Well, I think I had the most stressful new year ever. Just to clarify, though, it wasn’t the company, it is the venue! Imagine, we went to celebrate the new year in MOA just because we want to. The thing is, we went there too late and without preparations: No reservations, no actual plan but to see the fireworks. So there we were overwhelmed to the multitude of people almost-stampeding their way through. There were just too many people and almost all the restaurants are fully booked. We were hungry, we were tired, we were sweaty. My faded lipstick will tell you what hell we have been through last night (My foundation and eye makeup were intact, and yes it is about the product!). Worst is for my friend J who brought her son with us just a day after having a fever! God, it was stressful and I promise to myself– as I told W– I won’t subject myself to such torture ever. Well, maybe I could, at least, make some reservations the next time.

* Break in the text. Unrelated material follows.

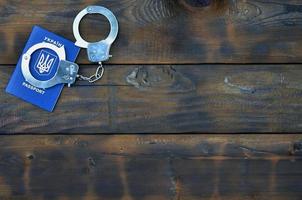 A Ukrainian passport with police handcuffs lies on a wooden table. Problems with the law during the crossing of the borders of countries. The illegal side of visa-free travel for Ukrainian citizens photo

We were able to get to the waitlist on one of the restaurants. We settled down, ordered food and drinks, and spent the next hour or so talking almost about anything. We thought it was over but going home was such a test of patience and of survival. It was raining, we have an almost sick two-year-old boy, there were no cabs, buses are full to the brim. Our phones ran out of batteries (We could have hailed an Uber, but my earlier browse through on my timeline would tell us that they cost a fortune and a kidney last night) God, it was stressful and I promise to myself– as I told W– I won’t subject myself to such torture ever. Well, maybe I could, at least, make some reservations the next time.
Nevertheless, we have successfully celebrated new year with food (It wasn’t that good, though) with lots of talks and chismis with the gang. We ended up spending the night at W’s studio and we woke up eating crispy pata for new year’s lunch. My new year could have been worst, but thanks to them, I still think it was a good start.
2015 to me was when I learned how to slow down. Gone were the days when I was too impatient to move forward, to progress, thinking that what I have was already enough. 2015 taught me that there is serene beauty in enjoying what I currently have and in working very hard for the things I want to have. 2015 also gave me an idea about the things that I deserve and the things I simply wanted but I don’t deserve. 2015 was generally a good year for me. With that, I think I am getting excited for 2016.